Cyndi, you are a very sweet, girl with a very encouraging spirit. I think Meleia's right-even when you think you're discouraging-you're not. You are encouraging! God has gifted you in that area. It comes very naturally for you.

We all go through really blah, yucky stuff. I think some more than others...doesn't seem fair, does it? But, what do we deserve...nothing. That's why He paid it all for us. Dewey said this Sunday. It was a quote from somebody else that I can't remember their name. There is nothing you can do to make God love you any less AND (here's the good part) there's nothing you can do to make Him love you any more. His love is perfect and He knows what you need to make it tomorrow, the next day, or the next day. Today's trial may be what strengthens you for tomorrow's tragedy. Ken and I have been through some yucky stuff...we have no doubt that the really, really awful stuff is what prepared us for where we are right NOW. I'm also positive that more yucky stuff is to come - to get me ready for the next phase in my life. God is an "on time" God and He will do whatever it takes to get your attention exactly when He needs it.

Know that you are loved and you have many prayers going up with your name attached today.
love you,
Terri

Mon Jun 09, 08:11:00 PM 2008

Cyndi,
When you feel like you just can't hang on anymore, it is ok. You don't have to. He has you in His hands and He WILL NOT let you go. Sometimes it is harder to just let go. You don't have to change the world. God's got that covered. Just let Him seep through through the many cracks in your pot. He put them there for a reason. You are loved, by me and by many!!!

Tue Jun 10, 09:53:00 AM 2008

I was vacumming and God reminded me of a song. :) It meant a lot to me in a troubled time. I listened to it over and over again. It reminded me to praise Him even when times are hard. I would cry and sing this song for many days, but I would praise Him through the tears. I truly believe that God delivered me from my depression because I chose to praise Him. So, find this song and download it and sing His praise!!

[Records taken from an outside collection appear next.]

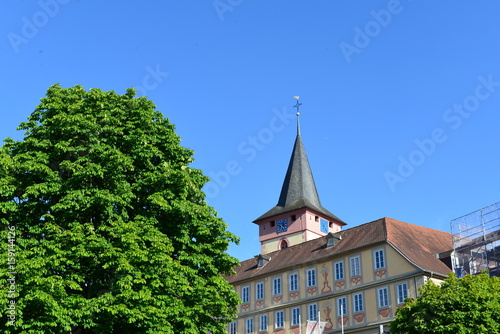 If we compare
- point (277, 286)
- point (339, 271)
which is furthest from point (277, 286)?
point (339, 271)

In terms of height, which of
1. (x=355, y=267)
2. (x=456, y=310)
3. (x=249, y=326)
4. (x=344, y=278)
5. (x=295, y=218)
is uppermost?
(x=295, y=218)

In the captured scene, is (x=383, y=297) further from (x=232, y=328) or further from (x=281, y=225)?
(x=281, y=225)

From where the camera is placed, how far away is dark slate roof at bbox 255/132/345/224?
65.1 meters

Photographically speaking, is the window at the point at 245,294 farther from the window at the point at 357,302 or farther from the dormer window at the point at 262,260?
the window at the point at 357,302

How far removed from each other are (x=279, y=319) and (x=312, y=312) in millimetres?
2840

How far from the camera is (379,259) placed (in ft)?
124

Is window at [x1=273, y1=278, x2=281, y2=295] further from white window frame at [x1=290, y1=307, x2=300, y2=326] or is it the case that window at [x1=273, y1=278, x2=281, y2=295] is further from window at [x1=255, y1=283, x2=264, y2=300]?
white window frame at [x1=290, y1=307, x2=300, y2=326]

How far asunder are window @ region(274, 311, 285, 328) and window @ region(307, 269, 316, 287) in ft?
8.88

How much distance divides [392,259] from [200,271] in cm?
1869

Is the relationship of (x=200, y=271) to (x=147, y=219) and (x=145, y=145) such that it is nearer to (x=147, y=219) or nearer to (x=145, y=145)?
(x=147, y=219)

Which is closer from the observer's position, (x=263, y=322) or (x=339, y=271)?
(x=339, y=271)

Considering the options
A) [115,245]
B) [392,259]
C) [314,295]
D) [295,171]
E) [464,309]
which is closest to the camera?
[115,245]

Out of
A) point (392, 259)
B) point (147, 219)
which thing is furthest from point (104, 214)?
point (392, 259)

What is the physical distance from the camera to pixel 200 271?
2105 cm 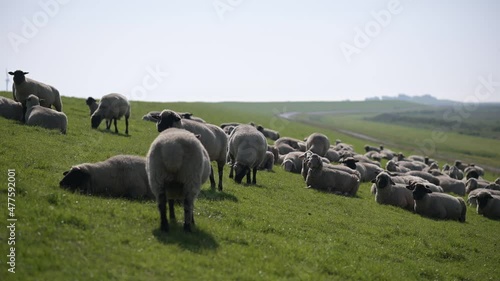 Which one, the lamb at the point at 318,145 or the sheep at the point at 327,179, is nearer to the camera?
the sheep at the point at 327,179

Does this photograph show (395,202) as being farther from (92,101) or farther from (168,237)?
(92,101)

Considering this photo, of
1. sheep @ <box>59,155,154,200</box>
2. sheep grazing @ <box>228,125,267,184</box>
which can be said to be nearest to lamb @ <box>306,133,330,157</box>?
sheep grazing @ <box>228,125,267,184</box>

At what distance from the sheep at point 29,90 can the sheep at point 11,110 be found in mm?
420

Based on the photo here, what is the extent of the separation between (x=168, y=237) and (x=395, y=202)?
1707 cm

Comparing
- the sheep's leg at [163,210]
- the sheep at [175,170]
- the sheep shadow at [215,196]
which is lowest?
the sheep shadow at [215,196]

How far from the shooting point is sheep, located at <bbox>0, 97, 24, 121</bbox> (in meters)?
25.2

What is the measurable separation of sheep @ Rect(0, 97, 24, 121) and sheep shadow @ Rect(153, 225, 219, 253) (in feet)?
60.5

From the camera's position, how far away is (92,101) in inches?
1361

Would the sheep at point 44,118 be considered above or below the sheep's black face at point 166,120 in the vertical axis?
below

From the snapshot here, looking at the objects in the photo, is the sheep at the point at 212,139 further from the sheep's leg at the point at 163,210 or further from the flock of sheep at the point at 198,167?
the sheep's leg at the point at 163,210

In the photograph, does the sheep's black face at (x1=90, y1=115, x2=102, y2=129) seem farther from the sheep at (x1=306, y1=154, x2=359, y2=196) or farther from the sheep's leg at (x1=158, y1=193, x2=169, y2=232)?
the sheep's leg at (x1=158, y1=193, x2=169, y2=232)

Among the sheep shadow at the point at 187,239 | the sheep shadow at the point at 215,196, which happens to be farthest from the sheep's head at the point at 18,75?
the sheep shadow at the point at 187,239

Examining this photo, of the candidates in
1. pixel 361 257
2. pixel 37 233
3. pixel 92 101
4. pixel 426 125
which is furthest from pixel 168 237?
pixel 426 125

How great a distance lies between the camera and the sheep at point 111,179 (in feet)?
42.8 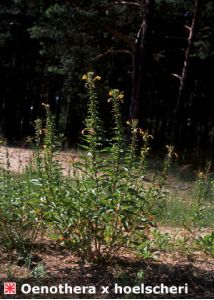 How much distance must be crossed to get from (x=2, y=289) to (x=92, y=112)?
1.67m

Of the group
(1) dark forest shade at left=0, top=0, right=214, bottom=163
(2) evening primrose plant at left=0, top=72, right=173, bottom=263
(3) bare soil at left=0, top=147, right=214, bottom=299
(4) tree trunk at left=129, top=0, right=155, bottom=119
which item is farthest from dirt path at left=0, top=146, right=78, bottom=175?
(1) dark forest shade at left=0, top=0, right=214, bottom=163

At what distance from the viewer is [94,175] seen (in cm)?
447

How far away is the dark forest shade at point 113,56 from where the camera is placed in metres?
16.2

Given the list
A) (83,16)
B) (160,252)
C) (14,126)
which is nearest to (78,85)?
(83,16)

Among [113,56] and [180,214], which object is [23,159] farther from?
[180,214]

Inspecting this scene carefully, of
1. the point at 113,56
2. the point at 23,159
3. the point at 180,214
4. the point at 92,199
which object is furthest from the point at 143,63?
the point at 92,199

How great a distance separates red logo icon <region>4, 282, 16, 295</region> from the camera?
12.9 ft

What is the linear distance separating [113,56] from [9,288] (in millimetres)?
16138

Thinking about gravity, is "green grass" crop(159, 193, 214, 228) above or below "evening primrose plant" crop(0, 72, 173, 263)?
below

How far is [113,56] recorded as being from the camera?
19.3 metres

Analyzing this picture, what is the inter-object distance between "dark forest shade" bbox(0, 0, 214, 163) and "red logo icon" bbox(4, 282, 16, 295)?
37.7 feet

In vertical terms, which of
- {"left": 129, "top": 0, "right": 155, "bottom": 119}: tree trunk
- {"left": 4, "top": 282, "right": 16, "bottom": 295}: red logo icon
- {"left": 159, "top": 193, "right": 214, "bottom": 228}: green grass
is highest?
{"left": 129, "top": 0, "right": 155, "bottom": 119}: tree trunk

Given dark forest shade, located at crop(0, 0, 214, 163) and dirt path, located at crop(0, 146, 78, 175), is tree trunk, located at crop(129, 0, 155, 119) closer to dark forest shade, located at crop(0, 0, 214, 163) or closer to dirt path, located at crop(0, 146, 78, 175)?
dark forest shade, located at crop(0, 0, 214, 163)

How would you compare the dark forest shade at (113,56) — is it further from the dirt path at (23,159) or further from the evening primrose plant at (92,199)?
the evening primrose plant at (92,199) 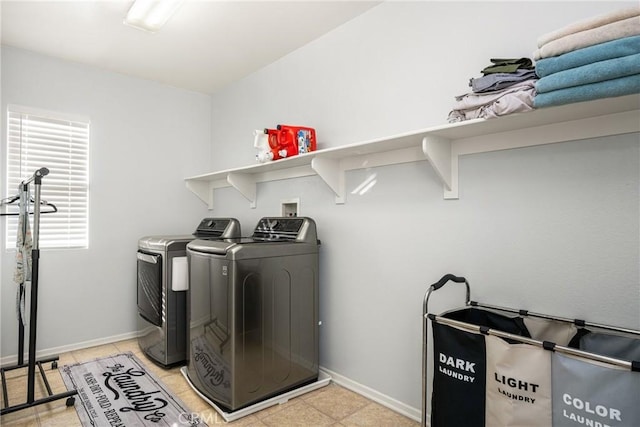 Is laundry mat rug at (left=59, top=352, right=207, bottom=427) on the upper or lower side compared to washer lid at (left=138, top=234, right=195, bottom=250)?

How Can I Keep From Singing
by Chris Tomlin

There is an endless song
Echoes in my soul
I hear the music ring

And though the storms may come
I am holding on
To the rock I cling

How can I keep from singing Your praise
How can I ever say enough
How amazing is Your love
How can I keep from shouting Your name
I know I am loved by the King
And it makes my heart want to sing

I will lift my eyes
In the darkest night
For I know my Savior lives

And I will walk with You
Knowing You'll see me through
And sing the songs You give

How can I keep from singing Your praise
How can I ever say enough
How amazing is Your love
How can I keep from shouting Your name
I know I am loved by the King
And it makes my heart want to sing

I can sing in the troubled times
Sing when I win
I can sing when I lose my step
And fall down again
I can sing 'cause You pick me up
Sing 'cause You're there
I can sing 'cause You hear me, Lord
When I call to You in prayer
I can sing with my last breath
Sing for I know
That I'll sing with the angels
And the saints around the throne

How can I keep from singing Your praise
How can I ever say enough
How amazing is Your love
How can I keep from shouting Your name
I know I am loved by the King
And it makes my heart want to sing

Tue Jun 10, 12:56:00 PM 2008

I love you. More importantly, God loves you...and so does your hubby and precious children. You are a great wife and mom and Satan is trying to bring you down with all that's been going on lately. He's trying to turn your concern and heart for others against you. In the name of Jesus Christ, rebuke those lies. God uses you in so many more ways than you know. You are loved by many and are a wonderful woman. Even on days you feel like you can't hold yourself up, He's holding you up. I'll be praying for you!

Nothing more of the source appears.